The inherent purpose of any business book is to be useful to the reader. It is a genre of tools and solutions, with business practitioners, consultants, professors and journalists all adding to the stew of ideas and insight. Not many of us can sit down with Warren Buffet for the weekend, picking his brain on matters of business and life, but all of us can curl up on the couch with a copy of The Snowball by Alice Schroeder and have an intimate, 976 page conversation with the man. Mr. Peter Drucker has passed on, but you can still sit across the table from him at an Italian Restaurant with a copy of Inside Drucker's Brain. Because books follow reality, though, there has been a flood of titles released recently to cover, assess, dissect and capitalize on the current economic crisis, tinting our economic lenses a little (a lot) darker. Publishers are currently scrambling to release even more, and release them ever more quickly (Time just had a great piece on this phenomenon). A lot of those already released are wonderful reads, such as David M. Snick's The World is Curved and Charles Morris's The Trillion Dollar Meltdown, and there are equally fascinating titles on the way, like Micahel Lewis's Panic. These kind of books fascinate me, but they're not going to help you solve any of the day to day problems you might be facing. (Unless, of course, you're the President of the United Stated or head of the IMF, in which case, read these books now!) The fact is that the problems in the economy are above most of our paygrades. The solutions, on the other hand, are not. Each of us can make our companies and communities better. And there have been just as many books published on these issues this year as any other. If you're exhausted by the bad news glaring back at you from the nightly news, shut off the television and pick up one of the following books:
  • Saving the World at Work by Tim Sanders, Currency
  • The Necessary Revolution by Peter Senge, Bryan Smith, Nina Kruschwitz, Joe Lauer & Sara Schley (Jack Covert Selects)

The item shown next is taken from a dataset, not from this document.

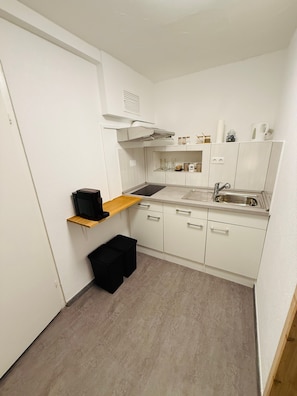 A compact kitchen with white cabinets, a sink, a stove, and a small black trash bin. - Apartment 'D Haus' with Wi-Fi (Arnstein)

  • We Are the New Radicals by Julia Moulden
  • Creating a World Without Poverty by Muhammad Yunus (Jack Covert Selects)
  • The Tactics of Hope by Wilford Welch
  • Reality Check by Guy Kawasaki (Jack Covert Selects)
  • Reality Check doesn't necessarily seem to fit with the other titles, but I included it because Guy believes that if you start a busines, you should start one that's going to change the world, and because the book is hilarious which will keep the reader in a positive state of mind. And finally... now, as always, is also a time to focus on family, and Patrick Lencioni's new book, The 3 Big Questions for a Frantic Family, can help with that. Lencioni was interviewed about the book by LA Times' book blog, Jacket Copy, yesterday. Any other sugggestions?